No seguinte, "A Criança de Rosto
Triste", volto, por meio de um escritor que lê Cervantes, ao tema de "A
Criança Trocada". O último é inspirado no poeta e dramaturgo inglês
T.S. Eliot [1888-1965], mais particularmente nos "Quatro Quartetos",
poemas sobre a experiência no tempo e além do tempo. Eu sempre amei
essa obra, mas creio que pela primeira vez a compreendi.
Pergunta - O que fez durante os
anos em que não escreveu romances?
Oe - Li Espinosa. Fui fortemente influenciado pelo Sartre de "O Imaginário". E a leitura, um pouco por
acaso, do livro de Gilles Deleuze "Espinosa - Filosofia Prática" me fez
mergulhar novamente na "Ética".
Espinosa atribui o pensamento falso à força da imaginação. Uma idéia
que me obrigou a refletir sobre mim
mesmo, pois toda a minha vida foi
habitada pela imaginação. Foi quando eu estava mergulhado nessa atitude espinosista do homem -visto
como um ser menos de conhecimentos que de desejos, envolvido na
perpetuação de sua existência- que
Juzo Itami se suicidou.
O desaparecimento do amigo de
infância subitamente me fez sentir a
presença da morte, a possibilidade
de eu também pôr fim a meus dias.
Destruir a si mesmo é a antítese da
"perseverança em seu ser" de Espinosa. A alegria livre que encontrei
nesse filósofo me permitiu, entretanto, superar essa crise.
Mas, ao mesmo tempo, tomei
consciência de que, ao ler a "Ética"
da manhã à noite, acabava indo ao
encontro dessa "perseverança no
ser" e que me destruía aos poucos.
Então voltei a escrever...
Pergunta - Como o senhor trabalha?
Como o romance amadurece?
Oe - Lendo. Não levo muito tempo
para imaginar a intriga, os personagens. Mas o estilo é fruto de um lento
amadurecimento ao longo de passeios por leituras. É por meio desse
trabalho que começa a se forjar o estilo do romance em que eu penso.
Leio sobretudo poetas estrangeiros.
Às vezes, para me embeber, chego a
copiar os textos. Para "Adeus, Meu
Livro" foi Eliot.

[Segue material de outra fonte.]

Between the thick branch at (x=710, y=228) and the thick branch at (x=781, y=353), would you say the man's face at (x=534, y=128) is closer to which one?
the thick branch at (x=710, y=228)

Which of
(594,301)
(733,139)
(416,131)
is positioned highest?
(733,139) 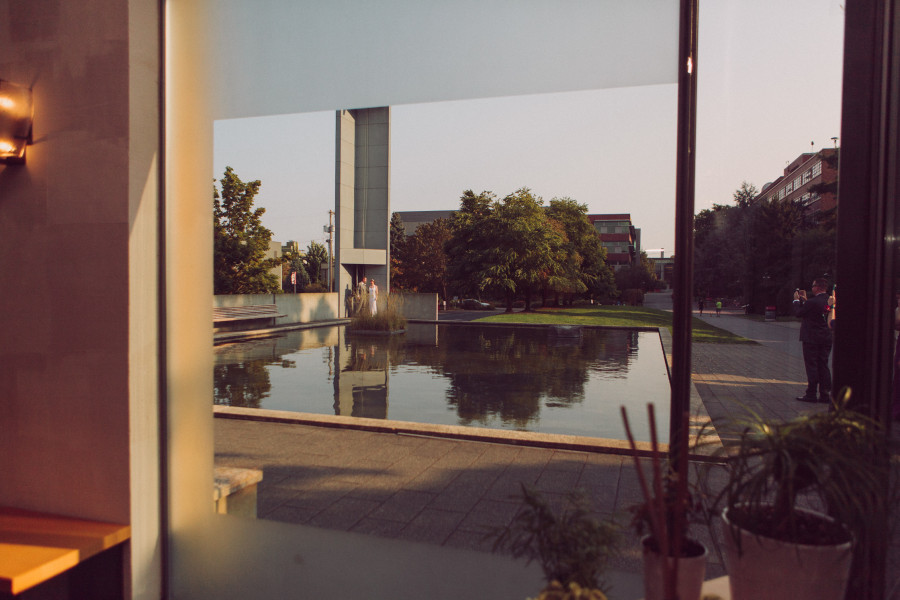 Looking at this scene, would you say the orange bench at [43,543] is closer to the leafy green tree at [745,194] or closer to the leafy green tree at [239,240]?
the leafy green tree at [745,194]

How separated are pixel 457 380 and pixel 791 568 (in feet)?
20.3

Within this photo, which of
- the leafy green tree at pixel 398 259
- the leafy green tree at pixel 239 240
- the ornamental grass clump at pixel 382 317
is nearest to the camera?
the leafy green tree at pixel 239 240

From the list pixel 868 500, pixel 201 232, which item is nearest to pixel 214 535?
pixel 201 232

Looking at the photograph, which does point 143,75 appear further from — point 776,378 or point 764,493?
point 776,378

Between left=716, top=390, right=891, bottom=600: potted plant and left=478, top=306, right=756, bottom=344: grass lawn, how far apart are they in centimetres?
49

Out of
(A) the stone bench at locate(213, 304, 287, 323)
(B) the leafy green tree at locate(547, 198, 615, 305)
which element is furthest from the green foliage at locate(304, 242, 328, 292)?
(A) the stone bench at locate(213, 304, 287, 323)

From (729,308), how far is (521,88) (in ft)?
3.57

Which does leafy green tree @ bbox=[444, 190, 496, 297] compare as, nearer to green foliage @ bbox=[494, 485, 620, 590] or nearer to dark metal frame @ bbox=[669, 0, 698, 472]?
dark metal frame @ bbox=[669, 0, 698, 472]

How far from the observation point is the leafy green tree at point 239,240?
12.6m

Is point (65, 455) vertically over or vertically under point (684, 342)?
under

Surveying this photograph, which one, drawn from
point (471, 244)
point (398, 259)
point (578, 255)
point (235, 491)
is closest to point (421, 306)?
point (471, 244)

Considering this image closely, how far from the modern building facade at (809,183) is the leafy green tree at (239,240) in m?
11.6

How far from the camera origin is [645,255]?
204 cm

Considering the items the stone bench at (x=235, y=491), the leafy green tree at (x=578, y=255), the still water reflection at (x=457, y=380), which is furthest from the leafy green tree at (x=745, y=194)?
the leafy green tree at (x=578, y=255) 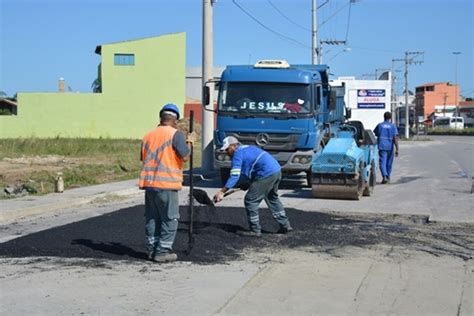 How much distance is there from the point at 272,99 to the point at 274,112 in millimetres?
337

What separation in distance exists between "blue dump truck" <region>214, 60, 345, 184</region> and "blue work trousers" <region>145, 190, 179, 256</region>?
28.3ft

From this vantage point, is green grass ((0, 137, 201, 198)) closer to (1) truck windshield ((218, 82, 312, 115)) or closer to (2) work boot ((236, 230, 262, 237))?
(1) truck windshield ((218, 82, 312, 115))

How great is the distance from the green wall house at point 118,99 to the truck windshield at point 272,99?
33.7m

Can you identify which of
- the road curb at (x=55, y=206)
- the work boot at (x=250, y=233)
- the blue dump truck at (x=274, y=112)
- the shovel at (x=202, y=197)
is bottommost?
the road curb at (x=55, y=206)

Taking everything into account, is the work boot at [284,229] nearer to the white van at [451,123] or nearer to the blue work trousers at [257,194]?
the blue work trousers at [257,194]

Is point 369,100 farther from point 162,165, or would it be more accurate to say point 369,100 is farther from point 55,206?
point 162,165

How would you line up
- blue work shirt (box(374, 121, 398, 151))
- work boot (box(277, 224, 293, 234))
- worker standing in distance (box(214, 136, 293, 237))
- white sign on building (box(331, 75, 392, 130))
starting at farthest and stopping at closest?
white sign on building (box(331, 75, 392, 130))
blue work shirt (box(374, 121, 398, 151))
work boot (box(277, 224, 293, 234))
worker standing in distance (box(214, 136, 293, 237))

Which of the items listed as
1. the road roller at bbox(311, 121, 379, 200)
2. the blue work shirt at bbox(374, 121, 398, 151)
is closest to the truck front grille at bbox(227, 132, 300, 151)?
the road roller at bbox(311, 121, 379, 200)

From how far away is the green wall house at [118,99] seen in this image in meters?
49.2

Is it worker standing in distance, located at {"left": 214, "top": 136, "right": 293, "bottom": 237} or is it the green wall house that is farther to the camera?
the green wall house

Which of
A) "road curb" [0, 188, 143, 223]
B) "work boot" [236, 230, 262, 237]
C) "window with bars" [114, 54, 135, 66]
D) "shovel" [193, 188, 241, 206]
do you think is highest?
"window with bars" [114, 54, 135, 66]

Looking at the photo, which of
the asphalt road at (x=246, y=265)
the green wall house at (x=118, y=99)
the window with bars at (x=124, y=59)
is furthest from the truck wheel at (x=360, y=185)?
the window with bars at (x=124, y=59)

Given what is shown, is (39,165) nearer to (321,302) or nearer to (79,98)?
(321,302)

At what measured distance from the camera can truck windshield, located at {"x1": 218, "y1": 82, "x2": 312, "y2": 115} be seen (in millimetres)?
16859
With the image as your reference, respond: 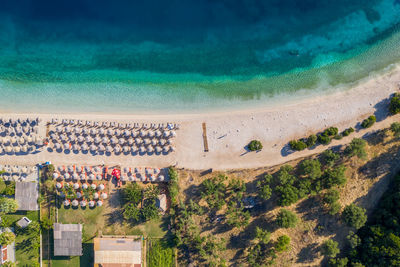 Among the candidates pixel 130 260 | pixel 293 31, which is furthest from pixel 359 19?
pixel 130 260

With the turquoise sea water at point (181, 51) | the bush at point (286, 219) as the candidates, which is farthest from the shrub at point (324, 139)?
the bush at point (286, 219)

Esse autor acompanhou minha vida desde a universidade, mas foi preciso esperar 60
anos para que eu pudesse encontrar
nele uma emulação.
Pergunta - Outro autor teve um papel determinante na sua trajetória, o
francês Pierre Gascar.
Oe - Sim. Eu estava na universidade
quando o li na tradução de meu professor Kazuo Watanabe. Foi somente mais tarde que compreendi como
eu havia sido influenciado por sua
coletânea de contos "As Feras" e pela expressão "a imensa comunhão",
que ele utiliza.
As palavras que nos marcaram
quando éramos jovens ficam gravadas para sempre na memória. Hoje
eu avalio o cruzamento que existe
entre mim e o pensamento de Eliot e
o de Pierre Gascar. A comunhão, isto é, o ato de compartilhar, é sem dúvida o ato mais nobre do homem. Eu
tento refletir sobre isso na última
parte de "Adeus, Meu Livro".
Pergunta - O sr. falou em envelhecimento. O que significa envelhecer?

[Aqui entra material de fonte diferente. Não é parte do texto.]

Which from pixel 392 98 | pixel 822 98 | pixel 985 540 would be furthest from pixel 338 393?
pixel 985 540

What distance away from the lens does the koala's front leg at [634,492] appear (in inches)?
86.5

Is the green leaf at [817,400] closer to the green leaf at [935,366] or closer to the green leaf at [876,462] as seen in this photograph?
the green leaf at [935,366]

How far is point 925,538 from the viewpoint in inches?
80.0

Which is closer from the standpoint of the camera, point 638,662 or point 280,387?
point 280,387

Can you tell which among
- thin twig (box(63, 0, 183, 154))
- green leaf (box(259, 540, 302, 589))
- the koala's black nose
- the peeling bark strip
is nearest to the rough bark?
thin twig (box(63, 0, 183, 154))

Oe - Sem dúvida, no entardecer da
vida, a "perseverança em seu ser" de
que fala Espinosa enfraquece. Pelo
menos é o que sinto. Se tomarmos o
exemplo de Yukio Mishima, que é
um pouco minha antítese pelas
idéias que ele defendia (o dogma do
imperador como símbolo da perenidade cultural) e que pôs fim a sua vida (ele se suicidou em 1970, com 45
anos), penso que houve um duplo
motivo para seu ato.
Primeiro, os limites de um estilo
que nunca evoluiu acompanhando
as etapas de sua vida. Ainda que tivesse vivido mais, ele nunca teria sido um Junichiro Tanizaki, que soube fazer sua escrita evoluir ao longo
do tempo. Além disso, Mishima era
assombrado pelo fim de Thomas
Mann, ferido, mortificado. Um destino que lhe parecia insuportável.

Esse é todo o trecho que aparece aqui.